Give the lines again, unchanged, starting with the line containing "2023 Jeep Compass Latitude Lux FWD" and ending with the last line of the data below.

----- MATERIAL SHOWN

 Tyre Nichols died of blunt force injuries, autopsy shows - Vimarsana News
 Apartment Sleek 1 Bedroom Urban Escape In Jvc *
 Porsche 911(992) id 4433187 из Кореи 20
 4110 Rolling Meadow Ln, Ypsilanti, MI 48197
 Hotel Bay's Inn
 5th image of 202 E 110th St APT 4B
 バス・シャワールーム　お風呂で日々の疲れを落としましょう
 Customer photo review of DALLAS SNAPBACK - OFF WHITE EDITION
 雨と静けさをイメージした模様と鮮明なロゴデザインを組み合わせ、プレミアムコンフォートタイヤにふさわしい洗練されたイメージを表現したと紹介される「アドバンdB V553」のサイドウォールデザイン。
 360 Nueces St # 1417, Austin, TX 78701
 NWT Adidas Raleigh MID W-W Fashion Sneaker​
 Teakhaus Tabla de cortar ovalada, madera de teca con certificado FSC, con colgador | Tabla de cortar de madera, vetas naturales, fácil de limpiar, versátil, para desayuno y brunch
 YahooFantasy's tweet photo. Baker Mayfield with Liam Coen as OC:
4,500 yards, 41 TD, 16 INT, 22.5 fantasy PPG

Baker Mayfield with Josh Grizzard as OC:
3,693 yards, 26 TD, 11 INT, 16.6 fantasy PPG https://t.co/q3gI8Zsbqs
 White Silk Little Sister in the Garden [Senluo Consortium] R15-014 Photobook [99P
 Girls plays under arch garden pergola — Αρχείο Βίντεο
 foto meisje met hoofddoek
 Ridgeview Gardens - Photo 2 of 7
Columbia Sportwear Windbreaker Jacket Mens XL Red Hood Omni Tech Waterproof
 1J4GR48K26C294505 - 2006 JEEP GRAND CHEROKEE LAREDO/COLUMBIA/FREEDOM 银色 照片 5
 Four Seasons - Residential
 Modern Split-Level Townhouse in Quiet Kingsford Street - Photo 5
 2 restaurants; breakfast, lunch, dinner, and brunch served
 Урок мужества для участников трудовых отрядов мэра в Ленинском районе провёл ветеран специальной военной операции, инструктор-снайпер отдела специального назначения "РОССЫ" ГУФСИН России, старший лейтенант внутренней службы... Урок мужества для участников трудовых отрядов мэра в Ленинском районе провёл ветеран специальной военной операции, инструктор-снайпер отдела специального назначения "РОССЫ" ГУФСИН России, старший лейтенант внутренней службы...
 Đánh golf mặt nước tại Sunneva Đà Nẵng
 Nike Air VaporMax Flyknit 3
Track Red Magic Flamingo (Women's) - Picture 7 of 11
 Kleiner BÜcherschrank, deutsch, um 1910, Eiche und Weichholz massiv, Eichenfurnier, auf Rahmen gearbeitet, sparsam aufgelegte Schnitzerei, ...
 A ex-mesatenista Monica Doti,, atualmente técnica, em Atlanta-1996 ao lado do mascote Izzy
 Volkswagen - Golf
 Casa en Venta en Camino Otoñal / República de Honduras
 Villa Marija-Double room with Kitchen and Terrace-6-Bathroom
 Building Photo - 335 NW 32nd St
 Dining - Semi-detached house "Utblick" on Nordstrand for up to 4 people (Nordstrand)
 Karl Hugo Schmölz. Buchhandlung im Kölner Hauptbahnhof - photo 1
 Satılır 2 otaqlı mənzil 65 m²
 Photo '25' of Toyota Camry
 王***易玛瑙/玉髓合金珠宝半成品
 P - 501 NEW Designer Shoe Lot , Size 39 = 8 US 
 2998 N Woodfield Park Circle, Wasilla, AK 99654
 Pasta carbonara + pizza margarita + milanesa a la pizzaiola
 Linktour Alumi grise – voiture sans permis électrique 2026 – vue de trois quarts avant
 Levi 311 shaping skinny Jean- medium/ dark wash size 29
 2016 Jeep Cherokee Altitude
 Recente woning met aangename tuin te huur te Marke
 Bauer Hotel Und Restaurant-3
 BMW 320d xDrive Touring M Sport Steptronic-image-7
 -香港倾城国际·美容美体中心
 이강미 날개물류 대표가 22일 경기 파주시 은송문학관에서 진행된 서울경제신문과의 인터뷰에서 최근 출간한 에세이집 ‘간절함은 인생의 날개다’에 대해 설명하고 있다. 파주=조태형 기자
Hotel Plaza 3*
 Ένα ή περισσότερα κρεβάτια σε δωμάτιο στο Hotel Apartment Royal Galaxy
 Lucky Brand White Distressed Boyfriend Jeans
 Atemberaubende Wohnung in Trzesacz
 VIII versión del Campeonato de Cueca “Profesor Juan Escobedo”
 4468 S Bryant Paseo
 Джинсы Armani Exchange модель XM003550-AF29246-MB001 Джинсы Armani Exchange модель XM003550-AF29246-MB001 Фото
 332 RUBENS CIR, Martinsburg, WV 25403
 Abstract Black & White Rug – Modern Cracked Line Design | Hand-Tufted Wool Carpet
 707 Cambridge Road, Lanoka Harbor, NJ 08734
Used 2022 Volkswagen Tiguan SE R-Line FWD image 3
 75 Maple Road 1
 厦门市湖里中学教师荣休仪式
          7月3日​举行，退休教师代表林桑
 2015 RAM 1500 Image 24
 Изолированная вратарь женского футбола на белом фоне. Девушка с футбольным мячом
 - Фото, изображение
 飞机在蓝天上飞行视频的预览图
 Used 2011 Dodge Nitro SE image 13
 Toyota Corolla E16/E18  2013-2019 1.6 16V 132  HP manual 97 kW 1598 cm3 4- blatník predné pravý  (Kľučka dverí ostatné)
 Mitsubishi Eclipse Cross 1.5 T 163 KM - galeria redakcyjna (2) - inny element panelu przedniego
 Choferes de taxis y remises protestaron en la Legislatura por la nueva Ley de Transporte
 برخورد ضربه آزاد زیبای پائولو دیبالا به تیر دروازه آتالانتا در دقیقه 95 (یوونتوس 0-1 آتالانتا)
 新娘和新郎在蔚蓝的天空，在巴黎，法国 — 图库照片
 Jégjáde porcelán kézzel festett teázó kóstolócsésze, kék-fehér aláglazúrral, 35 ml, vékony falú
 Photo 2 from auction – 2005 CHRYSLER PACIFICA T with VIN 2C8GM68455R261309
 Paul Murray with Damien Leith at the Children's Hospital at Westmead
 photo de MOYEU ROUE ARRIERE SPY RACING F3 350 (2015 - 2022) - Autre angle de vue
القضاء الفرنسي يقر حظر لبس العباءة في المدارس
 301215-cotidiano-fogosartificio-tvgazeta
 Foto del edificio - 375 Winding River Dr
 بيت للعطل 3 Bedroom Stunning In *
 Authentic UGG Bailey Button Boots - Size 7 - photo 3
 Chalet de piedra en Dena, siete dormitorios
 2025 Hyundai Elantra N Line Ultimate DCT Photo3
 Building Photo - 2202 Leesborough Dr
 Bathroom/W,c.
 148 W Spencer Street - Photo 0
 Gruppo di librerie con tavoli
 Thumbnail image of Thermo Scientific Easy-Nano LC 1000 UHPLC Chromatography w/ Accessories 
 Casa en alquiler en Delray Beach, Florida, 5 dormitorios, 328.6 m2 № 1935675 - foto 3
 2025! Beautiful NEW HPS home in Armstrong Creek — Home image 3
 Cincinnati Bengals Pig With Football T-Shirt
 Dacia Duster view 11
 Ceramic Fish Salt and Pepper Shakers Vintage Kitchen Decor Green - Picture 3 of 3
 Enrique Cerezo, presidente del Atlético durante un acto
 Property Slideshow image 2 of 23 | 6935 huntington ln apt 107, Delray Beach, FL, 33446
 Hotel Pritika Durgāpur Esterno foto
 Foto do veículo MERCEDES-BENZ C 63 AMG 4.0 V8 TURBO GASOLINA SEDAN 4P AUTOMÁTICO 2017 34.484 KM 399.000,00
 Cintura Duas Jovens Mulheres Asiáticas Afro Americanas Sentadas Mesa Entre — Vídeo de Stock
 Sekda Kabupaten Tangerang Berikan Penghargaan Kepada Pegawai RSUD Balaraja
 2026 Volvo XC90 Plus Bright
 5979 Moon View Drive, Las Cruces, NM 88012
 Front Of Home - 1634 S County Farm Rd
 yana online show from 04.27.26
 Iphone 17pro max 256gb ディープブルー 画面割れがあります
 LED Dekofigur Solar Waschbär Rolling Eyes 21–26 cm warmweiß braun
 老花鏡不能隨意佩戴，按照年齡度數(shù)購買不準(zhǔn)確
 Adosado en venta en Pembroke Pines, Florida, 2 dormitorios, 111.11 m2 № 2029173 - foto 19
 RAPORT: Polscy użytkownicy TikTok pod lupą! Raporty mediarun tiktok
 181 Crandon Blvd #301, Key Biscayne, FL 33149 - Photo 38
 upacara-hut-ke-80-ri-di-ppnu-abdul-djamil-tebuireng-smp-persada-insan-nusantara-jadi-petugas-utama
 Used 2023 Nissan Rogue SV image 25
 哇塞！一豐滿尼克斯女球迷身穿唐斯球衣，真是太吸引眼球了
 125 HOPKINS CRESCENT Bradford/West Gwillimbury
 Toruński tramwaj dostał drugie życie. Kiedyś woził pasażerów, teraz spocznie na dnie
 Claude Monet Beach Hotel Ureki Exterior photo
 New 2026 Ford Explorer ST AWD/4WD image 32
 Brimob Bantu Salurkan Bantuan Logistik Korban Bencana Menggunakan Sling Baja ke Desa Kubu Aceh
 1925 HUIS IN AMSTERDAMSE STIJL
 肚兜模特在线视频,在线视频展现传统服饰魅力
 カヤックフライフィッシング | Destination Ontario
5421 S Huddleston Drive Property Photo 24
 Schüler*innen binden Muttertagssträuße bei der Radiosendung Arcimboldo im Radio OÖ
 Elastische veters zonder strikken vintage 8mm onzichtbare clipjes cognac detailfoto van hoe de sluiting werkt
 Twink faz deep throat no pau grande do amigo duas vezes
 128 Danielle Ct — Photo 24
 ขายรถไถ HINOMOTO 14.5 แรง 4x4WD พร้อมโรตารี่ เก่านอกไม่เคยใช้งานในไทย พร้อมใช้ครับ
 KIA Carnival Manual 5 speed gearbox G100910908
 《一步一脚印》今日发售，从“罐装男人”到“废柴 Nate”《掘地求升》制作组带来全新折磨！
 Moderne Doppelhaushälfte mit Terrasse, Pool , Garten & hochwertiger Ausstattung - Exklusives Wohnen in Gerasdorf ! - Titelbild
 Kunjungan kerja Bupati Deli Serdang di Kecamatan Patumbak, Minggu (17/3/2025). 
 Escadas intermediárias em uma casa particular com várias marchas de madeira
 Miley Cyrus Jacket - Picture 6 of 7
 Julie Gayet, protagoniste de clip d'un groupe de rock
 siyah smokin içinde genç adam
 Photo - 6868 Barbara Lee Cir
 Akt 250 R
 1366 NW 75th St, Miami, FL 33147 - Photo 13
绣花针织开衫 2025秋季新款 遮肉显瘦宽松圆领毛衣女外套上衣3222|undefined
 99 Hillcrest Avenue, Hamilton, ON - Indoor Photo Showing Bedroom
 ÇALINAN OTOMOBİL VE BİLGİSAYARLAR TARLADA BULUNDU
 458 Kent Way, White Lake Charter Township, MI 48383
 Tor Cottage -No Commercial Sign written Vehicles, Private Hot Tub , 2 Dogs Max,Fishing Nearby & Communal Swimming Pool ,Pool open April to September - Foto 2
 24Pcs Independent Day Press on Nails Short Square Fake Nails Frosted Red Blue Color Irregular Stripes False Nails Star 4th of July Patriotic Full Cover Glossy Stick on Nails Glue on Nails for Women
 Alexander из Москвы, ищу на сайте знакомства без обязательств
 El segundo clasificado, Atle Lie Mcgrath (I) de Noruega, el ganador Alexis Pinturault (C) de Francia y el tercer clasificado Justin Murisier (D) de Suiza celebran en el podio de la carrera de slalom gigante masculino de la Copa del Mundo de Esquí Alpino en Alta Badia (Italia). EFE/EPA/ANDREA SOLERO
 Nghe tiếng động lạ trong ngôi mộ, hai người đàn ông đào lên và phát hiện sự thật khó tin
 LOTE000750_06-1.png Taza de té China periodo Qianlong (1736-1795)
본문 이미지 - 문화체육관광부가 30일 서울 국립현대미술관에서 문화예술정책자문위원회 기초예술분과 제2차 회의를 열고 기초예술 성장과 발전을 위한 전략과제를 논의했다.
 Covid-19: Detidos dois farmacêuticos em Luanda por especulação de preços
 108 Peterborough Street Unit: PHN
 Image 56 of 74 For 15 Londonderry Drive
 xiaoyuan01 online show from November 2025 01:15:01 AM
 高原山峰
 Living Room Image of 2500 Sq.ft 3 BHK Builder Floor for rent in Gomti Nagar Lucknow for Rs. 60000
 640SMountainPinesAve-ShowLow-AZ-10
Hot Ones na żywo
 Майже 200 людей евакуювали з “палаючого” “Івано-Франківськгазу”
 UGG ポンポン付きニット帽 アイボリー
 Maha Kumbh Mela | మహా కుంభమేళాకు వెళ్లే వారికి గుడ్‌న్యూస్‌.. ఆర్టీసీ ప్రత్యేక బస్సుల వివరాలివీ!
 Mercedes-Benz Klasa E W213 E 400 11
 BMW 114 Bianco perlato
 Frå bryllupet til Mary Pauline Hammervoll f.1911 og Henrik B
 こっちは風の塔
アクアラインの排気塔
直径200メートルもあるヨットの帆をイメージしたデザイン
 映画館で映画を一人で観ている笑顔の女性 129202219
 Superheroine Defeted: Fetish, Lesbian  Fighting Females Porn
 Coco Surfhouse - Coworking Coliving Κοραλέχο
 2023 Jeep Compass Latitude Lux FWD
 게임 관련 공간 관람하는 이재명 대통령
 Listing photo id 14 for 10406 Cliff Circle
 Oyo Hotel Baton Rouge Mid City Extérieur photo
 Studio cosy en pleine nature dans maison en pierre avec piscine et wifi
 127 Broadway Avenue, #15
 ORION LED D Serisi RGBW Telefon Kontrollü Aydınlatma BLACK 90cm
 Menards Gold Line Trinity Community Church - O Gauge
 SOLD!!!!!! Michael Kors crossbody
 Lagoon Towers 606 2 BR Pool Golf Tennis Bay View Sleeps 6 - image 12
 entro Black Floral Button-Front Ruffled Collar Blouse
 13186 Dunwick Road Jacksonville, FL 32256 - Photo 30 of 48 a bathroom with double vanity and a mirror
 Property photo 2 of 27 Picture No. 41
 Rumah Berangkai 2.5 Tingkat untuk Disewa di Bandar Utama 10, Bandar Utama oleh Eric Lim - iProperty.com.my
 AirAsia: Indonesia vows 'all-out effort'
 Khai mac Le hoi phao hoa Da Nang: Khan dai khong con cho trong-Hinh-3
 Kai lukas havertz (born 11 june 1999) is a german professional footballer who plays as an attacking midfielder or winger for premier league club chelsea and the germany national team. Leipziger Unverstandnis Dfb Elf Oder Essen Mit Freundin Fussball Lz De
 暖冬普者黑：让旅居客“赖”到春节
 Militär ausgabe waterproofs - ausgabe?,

----------

__ANSWER BELOW__
 2023 Jeep Compass Latitude Lux FWD
 게임 관련 공간 관람하는 이재명 대통령
 Listing photo id 14 for 10406 Cliff Circle
 Oyo Hotel Baton Rouge Mid City Extérieur photo
 Studio cosy en pleine nature dans maison en pierre avec piscine et wifi
 127 Broadway Avenue, #15
 ORION LED D Serisi RGBW Telefon Kontrollü Aydınlatma BLACK 90cm
 Menards Gold Line Trinity Community Church - O Gauge
 SOLD!!!!!! Michael Kors crossbody
 Lagoon Towers 606 2 BR Pool Golf Tennis Bay View Sleeps 6 - image 12
 entro Black Floral Button-Front Ruffled Collar Blouse
 13186 Dunwick Road Jacksonville, FL 32256 - Photo 30 of 48 a bathroom with double vanity and a mirror
 Property photo 2 of 27 Picture No. 41
 Rumah Berangkai 2.5 Tingkat untuk Disewa di Bandar Utama 10, Bandar Utama oleh Eric Lim - iProperty.com.my
 AirAsia: Indonesia vows 'all-out effort'
 Khai mac Le hoi phao hoa Da Nang: Khan dai khong con cho trong-Hinh-3
 Kai lukas havertz (born 11 june 1999) is a german professional footballer who plays as an attacking midfielder or winger for premier league club chelsea and the germany national team. Leipziger Unverstandnis Dfb Elf Oder Essen Mit Freundin Fussball Lz De
 暖冬普者黑：让旅居客“赖”到春节
 Militär ausgabe waterproofs - ausgabe?,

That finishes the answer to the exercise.